KENTISBEARE, ENGLAND — Last summer, the tranquil English village of Kentisbeare woke up to find a dagger piercing its heart.
The man who ran the neighborhood pub, the Wyndham Arms, had decided to call it quits. Hit by hard times, he locked up one evening and never came back, leaving the village bereft of its "local," the watering hole down the road where, for more than 200 years, the good folk here could always drop in for a pint, a pie or a piece of gossip.

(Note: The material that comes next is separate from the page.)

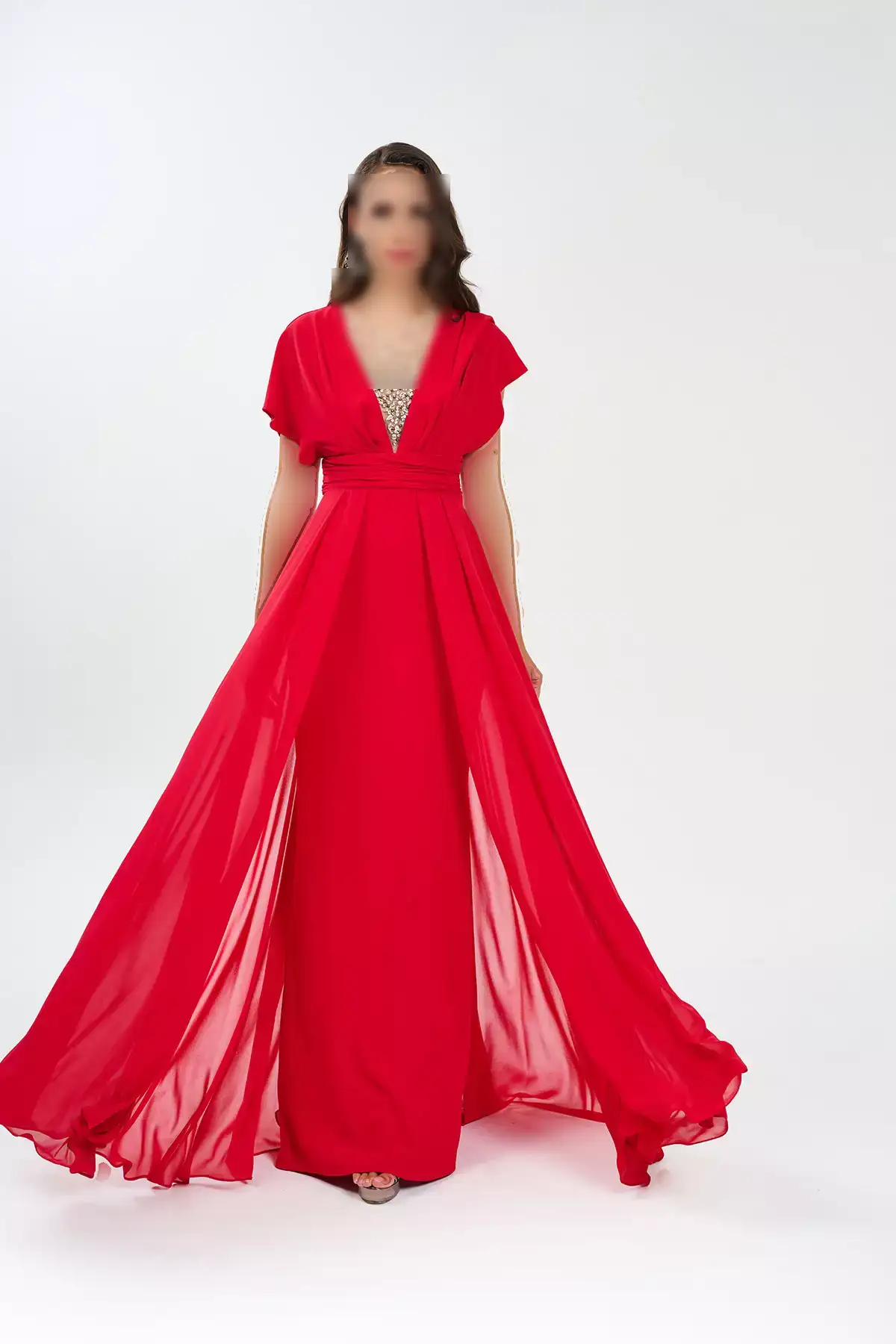 پیراهن مجلسی بلند بزرگ سایز شفاف قرمز برند BDM Exclusive - 942318309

The tavern seemed destined to become yet another lost marker of traditional village life, bound for the same remorseless oblivion that had already swallowed the baker's, the butcher's and the petrol station in this lazy green countryside where bluebells nod in the breeze, medieval church towers loom like giant chess pieces and thatched roofs peek coyly through the leaves.
This time, though, residents drew a line. They retrieved the keys to the pub, renovated the whitewashed 16th century building themselves and reopened it less than two months later.

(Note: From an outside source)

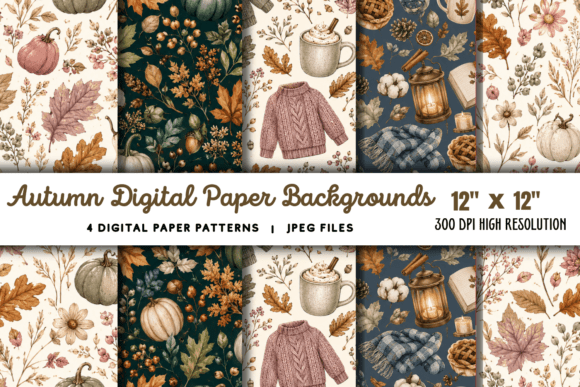 Download Autumn Digital Paper Background 2 - Autumn digital paper Collection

"People couldn't bear the thought of it being boarded up," said Mavis Durrant, 67, a lifelong resident of the village in southwestern England. "There's something very appealing about a country pub, isn't there?"

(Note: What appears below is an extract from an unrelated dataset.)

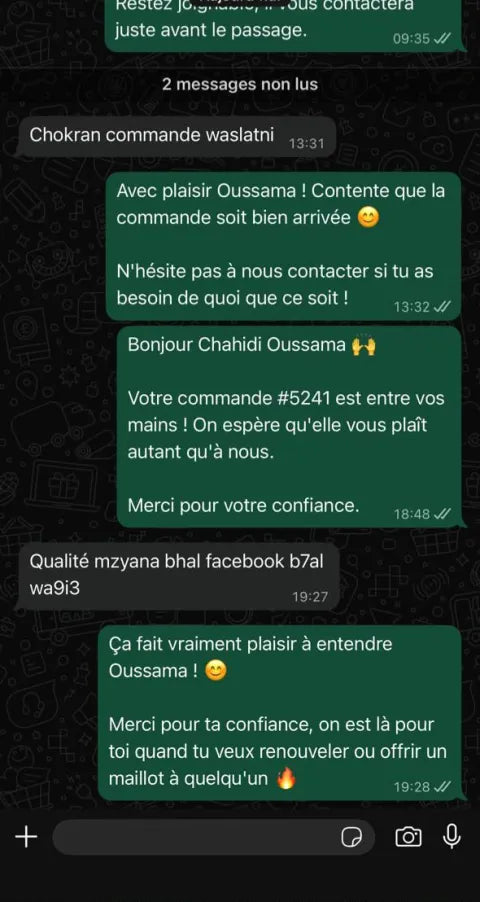 Avis client WhatsApp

Indeed. For centuries, virtually nothing has been more central to the good cheer and cozy charm of English village life than the local pub, whose name alone -- the Bishop's Finger, the Drunken Duck, the Quiet Woman, the Moorend Spout -- could summon a smile.
But feel-good stories like the rescue of the Wyndham Arms are rare these days, because pubs are closing down across Britain faster than a thirsty man can down a pint. Colorful and often iconic establishments that managed to survive civil wars, frowning Victorian teetotalism and tales of being haunted are increasingly buckling under to modern market forces, higher taxes and lifestyle changes.
Every week, 39 alehouses call for "last orders" one final time, according to the British Beer and Pub Assn. All told, more than 2,000 taverns have shut down since March of last year, at a cost of 20,000 jobs.
It's an especially distressing turn of events for those in the countryside, who warn that villages may eventually be reduced to little more than rural dormitories, stripped of the shops, services and gathering places that gave them a sense of identity and cohesion.